#### WORK INSTRUCTIONS:
Could the entries below be transcribed word for word, with the pictures omitted?

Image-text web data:
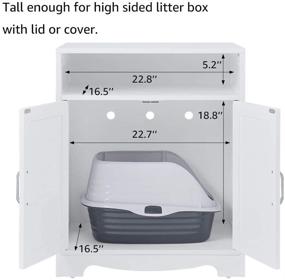 img 1 attached to 🐱 beeNbarks Cat Litter Box Furniture: Stylish Cat Washroom Enclosure with 2 Entrances, Convenient Quick Assembly Pet House Storage Nightstand - Wooden Pet Crate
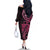 Aotearoa Maori Family Matching Off The Shoulder Long Sleeve Dress and Hawaiian Shirt Pink Fern Ribbons on Black - Polynesian Pride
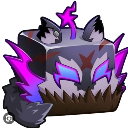 Werewolf cube with glowing purple eyes and jagged teeth looking fierce.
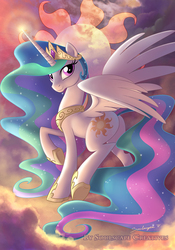 Size: 595x850 | Tagged: safe, artist:soulscapecreatives, princess celestia, alicorn, pony, g4, beautiful, butt, cloud, cloudy, crown, cutie mark, ethereal mane, female, glowing, jewelry, looking at you, looking back, majestic, mare, plot, pose, raised hoof, regalia, side view, signature, sky, solo, spread wings, wings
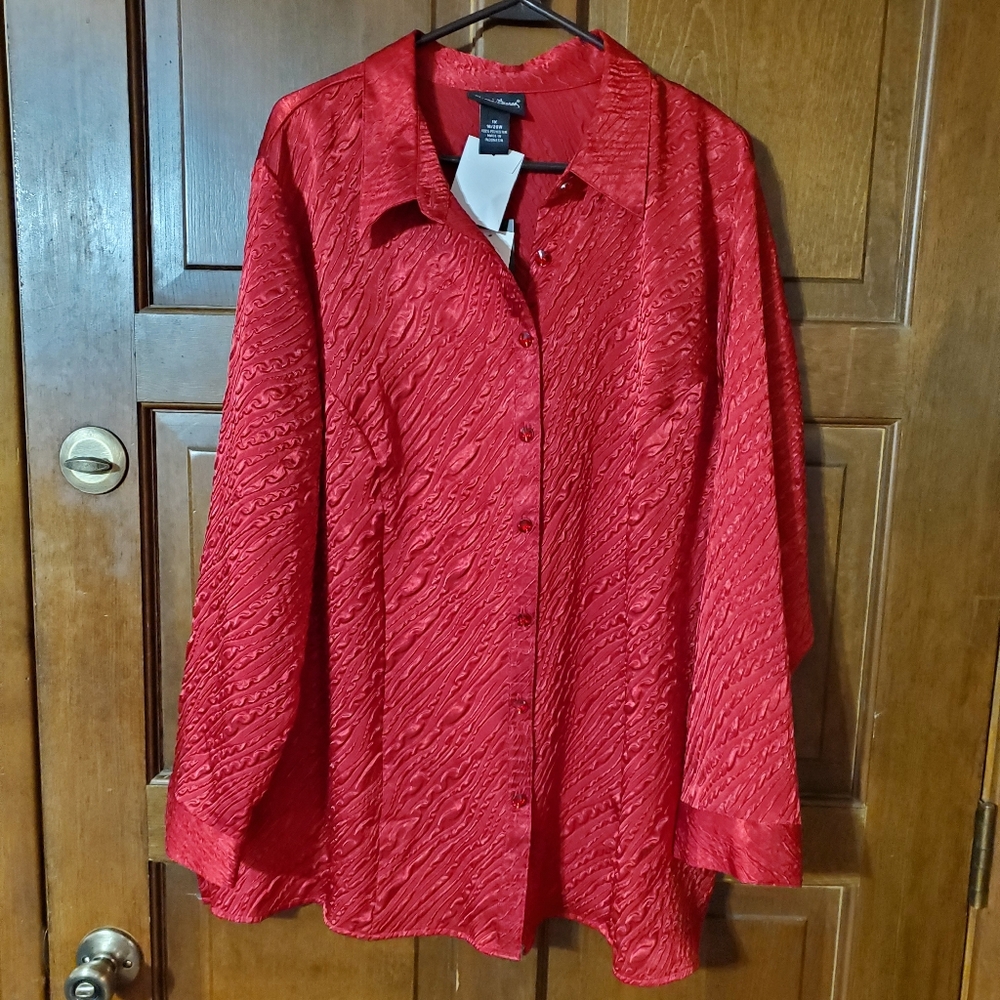 Maggie Barnes Vibrant Red Textured Blouse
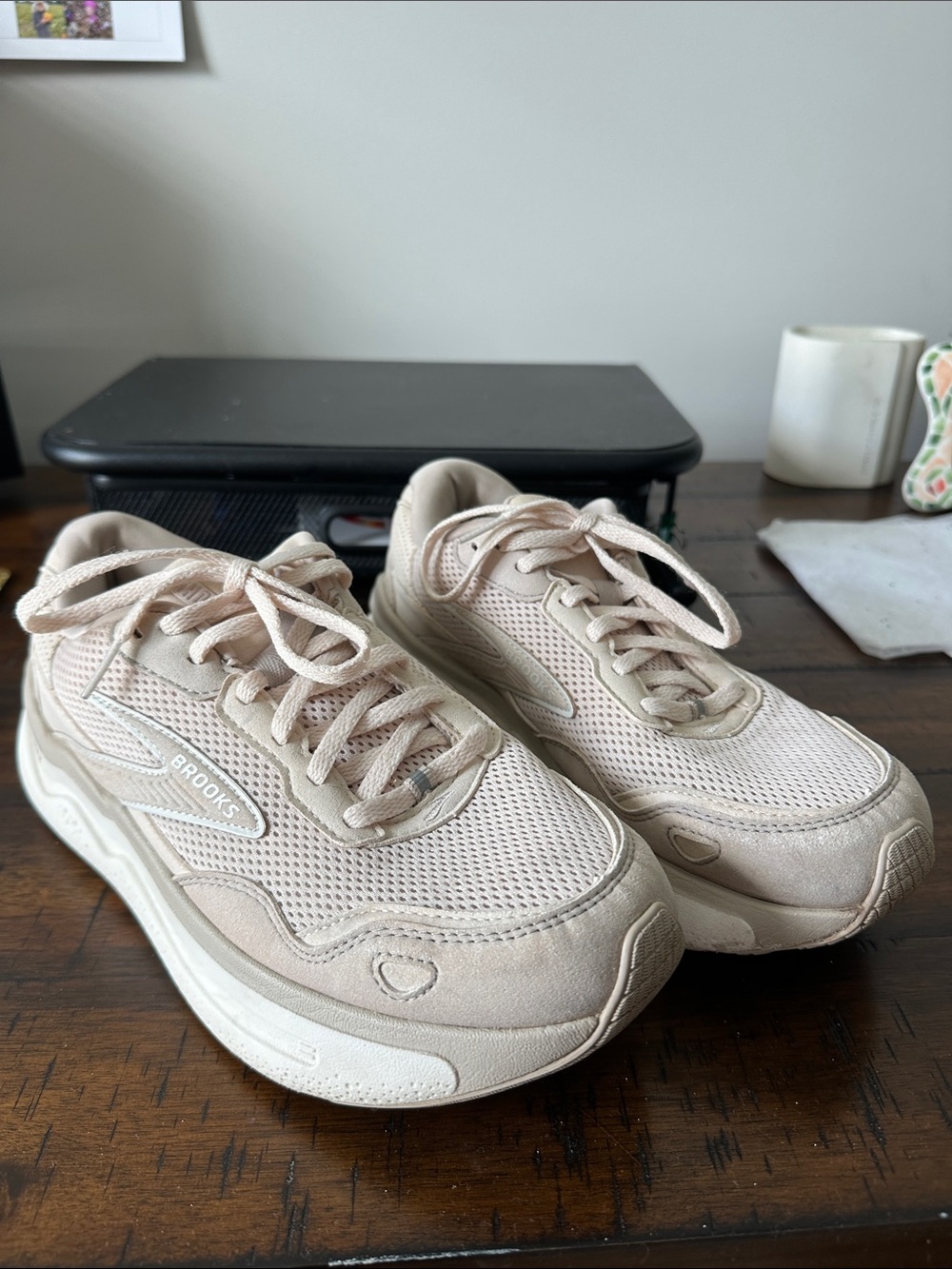 Brooks Ghost Max Women's Neutral Beige Mesh Running Sneakers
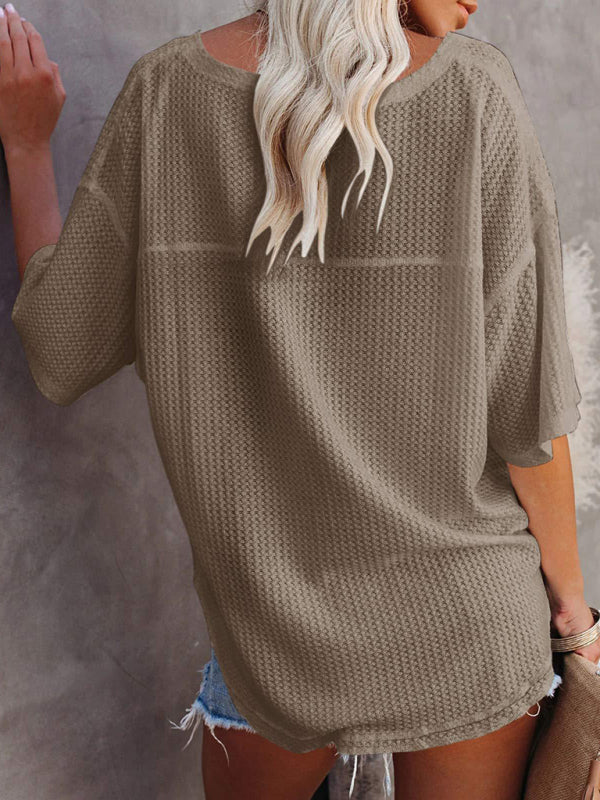 New V Neck Dolman Sleeve Waffle Knit Top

#### REPLY TO THE EXERCISE:
 img 1 attached to 🐱 beeNbarks Cat Litter Box Furniture: Stylish Cat Washroom Enclosure with 2 Entrances, Convenient Quick Assembly Pet House Storage Nightstand - Wooden Pet Crate
 Aotearoa Maori Family Matching Off The Shoulder Long Sleeve Dress and Hawaiian Shirt Pink Fern Ribbons on Black - Polynesian Pride
 Werewolf cube with glowing purple eyes and jagged teeth looking fierce.
 Size: 595x850 | Tagged: safe, artist:soulscapecreatives, princess celestia, alicorn, pony, g4, beautiful, butt, cloud, cloudy, crown, cutie mark, ethereal mane, female, glowing, jewelry, looking at you, looking back, majestic, mare, plot, pose, raised hoof, regalia, side view, signature, sky, solo, spread wings, wings
 Maggie Barnes Vibrant Red Textured Blouse
 Brooks Ghost Max Women's Neutral Beige Mesh Running Sneakers
 New V Neck Dolman Sleeve Waffle Knit Top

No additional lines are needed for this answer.